Я с вами, товарищи, я с вами, я с вами, бойцы интернациональных бригад, томящиеся в концлагерях Франции. Я с вами, все честные и простые люди: вас миллионы, тех, кто честно и прямо любит Родину, с поднятой головой и открытыми устами!
Я буду полна вами завтра, послезавтра, всегда, я буду прямой и честной, я буду до гроба верна мечте нашей — великому делу Ленина, как бы трудна она ни была! Уже нет обратного пути.
Я с вами, товарищи, я с вами!
14/XII-39
Ровно год тому назад я была арестована.
Ощущение тюрьмы сейчас, после 5 месяцев воли, возникает во мне острее, чем в первое время после освобождения. И именно ощущение, т. е. не только реально чувствую, обоняю этот тяжкий запах коридора из тюрьмы в «Б<ольшой> дом», запах рыбы, сырости, лука, стук шагов по лестнице, но и то смешанное состояние посторонней заинтересованности, страха, неестественного спокойствия и обреченности, безвыходности, с которыми шла на допросы.
…Да, но зачем все-таки подвергали меня все той же муке?! Зачем были те дикие, полубредовые желто-красные ночи (желтый свет лампочек, красные матрасы, стук в отопительных трубах, голуби)?
И это безмерное, безграничное, дикое человеческое страдание, в котором тонуло мое страдание, расширяясь до безумия, до раздавленности?
Вынули душу, копались в ней вонючими пальцами, плевали в нее, гадили, потом сунули ее обратно и говорят: «Живи». Произошло то же, что в щемящей щедринской сказке «Приключения с Крамольниковым»: «Он понял, что все оставалось по-прежнему, — только душа у него „запечатана“».
«Но когда он хотел продолжать начатую работу, то сразу убедился, что, действительно, ему предстоит провести черту и под нею написать: „не нужно“».
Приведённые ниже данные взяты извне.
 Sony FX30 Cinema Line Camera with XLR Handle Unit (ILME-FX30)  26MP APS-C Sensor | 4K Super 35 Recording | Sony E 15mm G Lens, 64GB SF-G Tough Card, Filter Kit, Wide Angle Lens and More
Со мною это и так, и все-таки не так. Вот за это-то «не так» я и хватаюсь. Действительно, как же я буду писать роман о нашем поколении, о становлении его сознания к моменту его зрелости, роман о субъекте эпохи, о субъекте его сознания, когда это сознание после тюрьмы потерпело такие погромы, вышло из дотюремного равновесия?
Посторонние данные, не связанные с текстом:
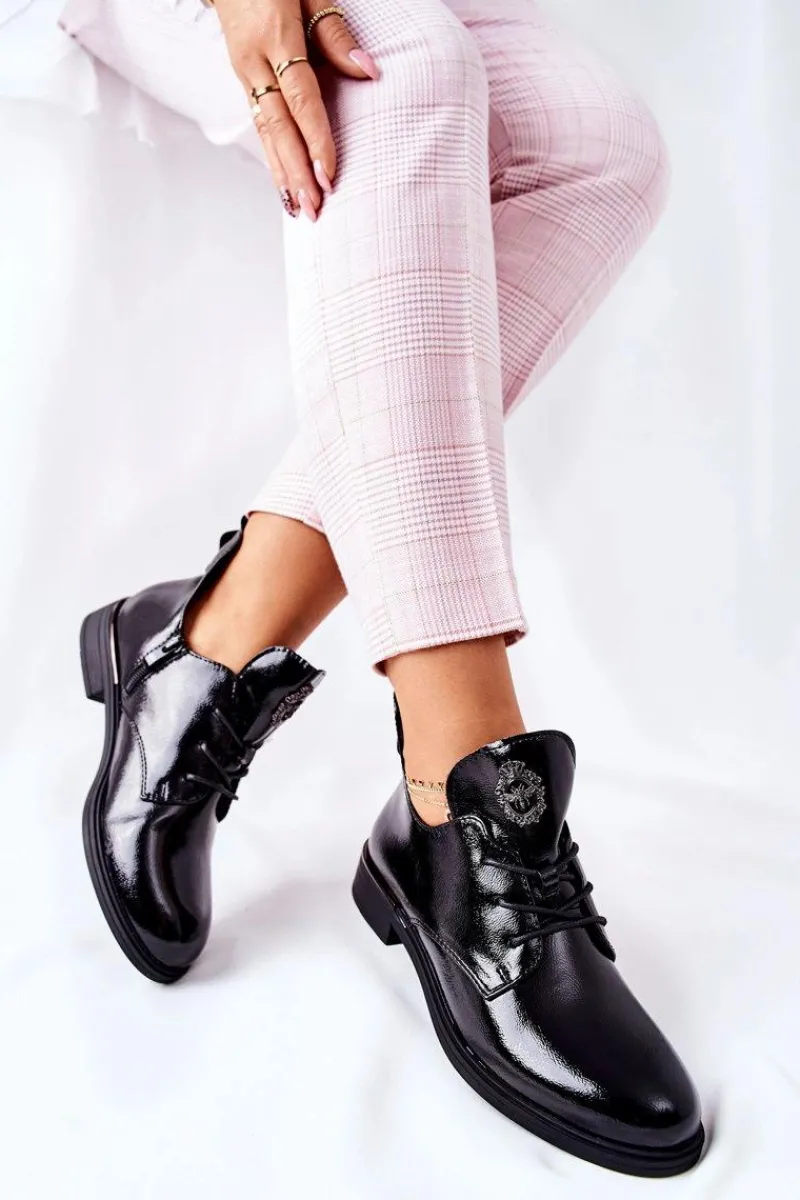 Outlet Buty Sergio Leone Lakierowane Pół Ocieplane PB262 Czarne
Все или почти все до тюрьмы казалось ясным: все было уложено в стройную систему, а теперь все перебуравлено, многое поменялось местами, многое переоценено.
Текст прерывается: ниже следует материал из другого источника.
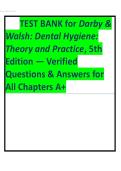 TEST BANK for Darby & Walsh&colon; Dental Hygiene&colon; Theory and Practice&comma; 5th Edition &mdash; Verified Questions & Answers for All Chapters A&plus;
А может быть, это и есть настоящая зрелость? Может быть, и не нужна «система»? Может быть, раздробленность такая появилась оттого, что слишком стройной была система, слишком неприкосновенны фетиши и сама система была системой фетишей? Остается путь, остается история, остается наша молодость, наши искания, наша вера — все остается. Ну, а вывод-то какой мне сделать — в романе, чему учить людей-то? Экклезиастическому «так было — так будет»? Просто дать ряд картин, цепь размышлений по разным поводам — и всё? А общая идея? А как же писать о субъекте сознания, выключив самое главное — последние два-три года, т. е. тюрьму? Вот и выходит, что «без тюрьмы» нельзя и с «тюрьмой» нельзя… уже по причинам «запеча-танности». А последние годы — самое сильное, самое трагичное, что прожило наше поколение, я же не только по себе это знаю.